Hi again,
I am in Berlin today and got my answers first hand, so for the record, here they are:
On 01.09.2014 16:07, Markus Krötzsch wrote:
Hi,
Some questions on the new dump options. I noticed that the XML dump files use exactly the same content model and format for the new model as they used for the old. This is not so great as it reduces the utility of the <model> information greatly if the same model is used for incompatible content. I am now trying to find a way to write code that supports both old and new dumps. Hence my questions:
(1) The most recent full dump that is available contains the old format. The most recent current dump that is available contains the new format. Is it possible that a single dump contains both formats?
No, the dump-creating code transforms all content into the appropriate JSON during export.
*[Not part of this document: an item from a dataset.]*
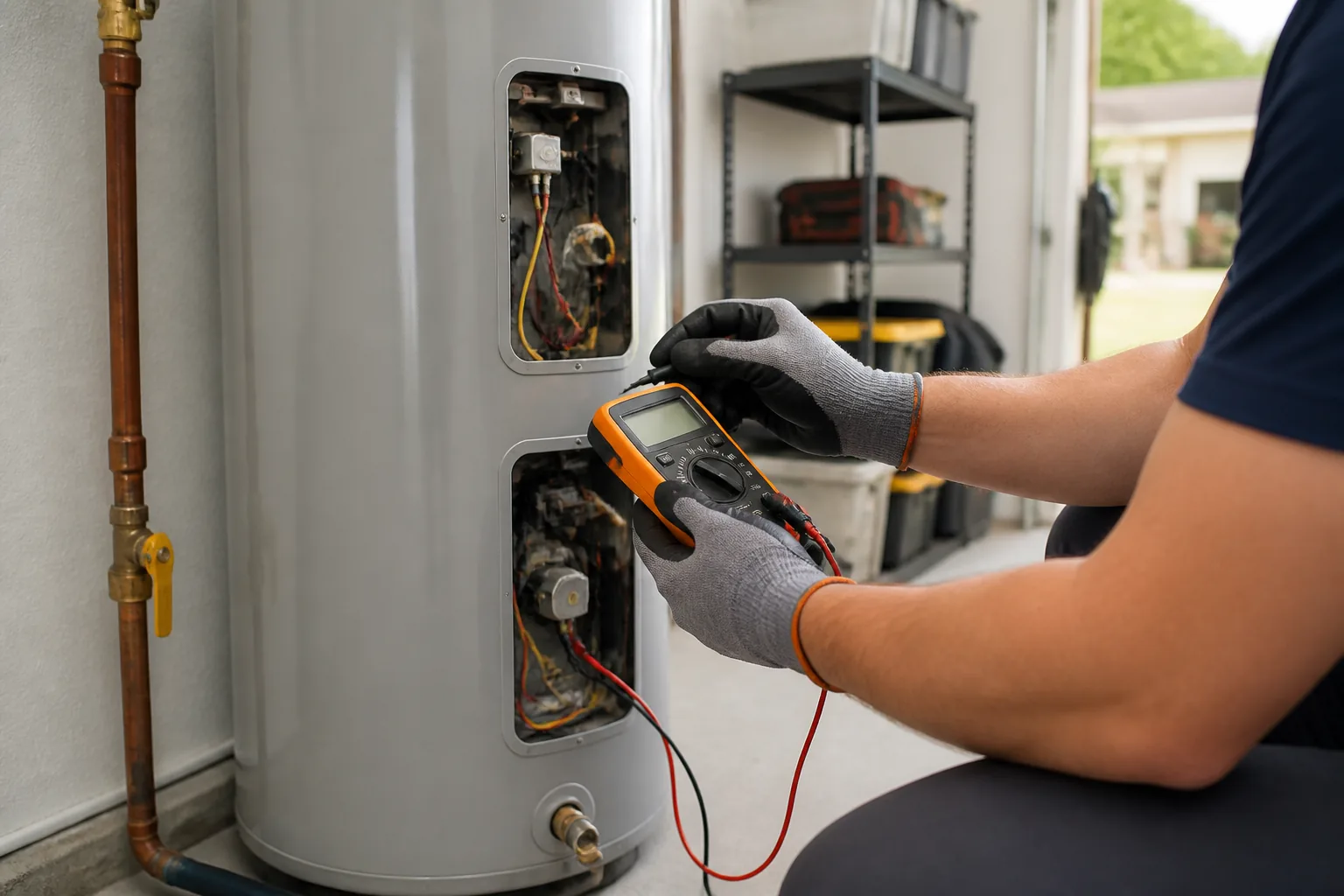 Residential water heater inspection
The data you see in dumps is always in the format that is generated by the most recent code that was used when the dump file was created, and hence all revisions are in the same format.
Currently, the XML-based revision dumps use different code for this than the code used in JSON dumps and API. In the near future, this will be unified.
(2a) If the answer to (1) is no: what are/will be the first (or last) full/current/daily dump files that use the new format?
I did not get an answer to this question, but since it is certain that each file is in a single format, a viable strategy is to parse with the new format first; if there are errors, try parsing with the old format; if this succeeds even once, the whole remaining file should be parsed in the old format.
(2b) If the answer to (1) is yes: what is the revision number at which the change was made (i.e., what is the largest revision number that is still in the old format)?
Not applicable.
Markus